→ **What you have to do**
Every line of the data below must be given again exactly.

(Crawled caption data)
• • • •

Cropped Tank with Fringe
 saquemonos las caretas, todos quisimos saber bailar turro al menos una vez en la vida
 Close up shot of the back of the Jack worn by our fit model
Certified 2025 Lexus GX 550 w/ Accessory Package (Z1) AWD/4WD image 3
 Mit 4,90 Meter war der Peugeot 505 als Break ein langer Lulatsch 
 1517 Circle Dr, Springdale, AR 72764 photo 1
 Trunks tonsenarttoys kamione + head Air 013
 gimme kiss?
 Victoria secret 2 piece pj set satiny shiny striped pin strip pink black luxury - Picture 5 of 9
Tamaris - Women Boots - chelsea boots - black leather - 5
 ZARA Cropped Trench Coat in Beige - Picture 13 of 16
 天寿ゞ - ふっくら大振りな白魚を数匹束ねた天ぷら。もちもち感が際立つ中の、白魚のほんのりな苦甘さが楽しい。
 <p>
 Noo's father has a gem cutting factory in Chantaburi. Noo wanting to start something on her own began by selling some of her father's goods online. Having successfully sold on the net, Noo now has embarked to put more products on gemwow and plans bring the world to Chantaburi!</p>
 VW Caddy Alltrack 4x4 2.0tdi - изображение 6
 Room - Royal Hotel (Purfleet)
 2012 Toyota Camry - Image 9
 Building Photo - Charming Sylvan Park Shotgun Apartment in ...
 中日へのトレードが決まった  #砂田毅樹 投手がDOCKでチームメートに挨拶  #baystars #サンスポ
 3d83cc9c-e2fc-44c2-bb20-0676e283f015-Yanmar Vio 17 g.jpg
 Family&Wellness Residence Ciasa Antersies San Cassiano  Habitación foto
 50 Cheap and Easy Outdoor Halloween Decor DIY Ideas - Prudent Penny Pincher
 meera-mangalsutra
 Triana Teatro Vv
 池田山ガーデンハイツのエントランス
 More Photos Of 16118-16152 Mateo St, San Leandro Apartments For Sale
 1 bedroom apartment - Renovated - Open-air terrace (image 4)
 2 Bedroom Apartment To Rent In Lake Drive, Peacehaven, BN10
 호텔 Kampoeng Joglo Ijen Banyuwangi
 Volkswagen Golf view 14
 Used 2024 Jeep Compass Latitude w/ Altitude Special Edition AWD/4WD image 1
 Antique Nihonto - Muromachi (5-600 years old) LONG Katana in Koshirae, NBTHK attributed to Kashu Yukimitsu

• • • •

→ **Result for this exercise**
Cropped Tank with Fringe
 saquemonos las caretas, todos quisimos saber bailar turro al menos una vez en la vida
 Close up shot of the back of the Jack worn by our fit model
Certified 2025 Lexus GX 550 w/ Accessory Package (Z1) AWD/4WD image 3
 Mit 4,90 Meter war der Peugeot 505 als Break ein langer Lulatsch 
 1517 Circle Dr, Springdale, AR 72764 photo 1
 Trunks tonsenarttoys kamione + head Air 013
 gimme kiss?
 Victoria secret 2 piece pj set satiny shiny striped pin strip pink black luxury - Picture 5 of 9
Tamaris - Women Boots - chelsea boots - black leather - 5
 ZARA Cropped Trench Coat in Beige - Picture 13 of 16
 天寿ゞ - ふっくら大振りな白魚を数匹束ねた天ぷら。もちもち感が際立つ中の、白魚のほんのりな苦甘さが楽しい。
 <p>
 Noo's father has a gem cutting factory in Chantaburi. Noo wanting to start something on her own began by selling some of her father's goods online. Having successfully sold on the net, Noo now has embarked to put more products on gemwow and plans bring the world to Chantaburi!</p>
 VW Caddy Alltrack 4x4 2.0tdi - изображение 6
 Room - Royal Hotel (Purfleet)
 2012 Toyota Camry - Image 9
 Building Photo - Charming Sylvan Park Shotgun Apartment in ...
 中日へのトレードが決まった  #砂田毅樹 投手がDOCKでチームメートに挨拶  #baystars #サンスポ
 3d83cc9c-e2fc-44c2-bb20-0676e283f015-Yanmar Vio 17 g.jpg
 Family&Wellness Residence Ciasa Antersies San Cassiano  Habitación foto
 50 Cheap and Easy Outdoor Halloween Decor DIY Ideas - Prudent Penny Pincher
 meera-mangalsutra
 Triana Teatro Vv
 池田山ガーデンハイツのエントランス
 More Photos Of 16118-16152 Mateo St, San Leandro Apartments For Sale
 1 bedroom apartment - Renovated - Open-air terrace (image 4)
 2 Bedroom Apartment To Rent In Lake Drive, Peacehaven, BN10
 호텔 Kampoeng Joglo Ijen Banyuwangi
 Volkswagen Golf view 14
 Used 2024 Jeep Compass Latitude w/ Altitude Special Edition AWD/4WD image 1
 Antique Nihonto - Muromachi (5-600 years old) LONG Katana in Koshirae, NBTHK attributed to Kashu Yukimitsu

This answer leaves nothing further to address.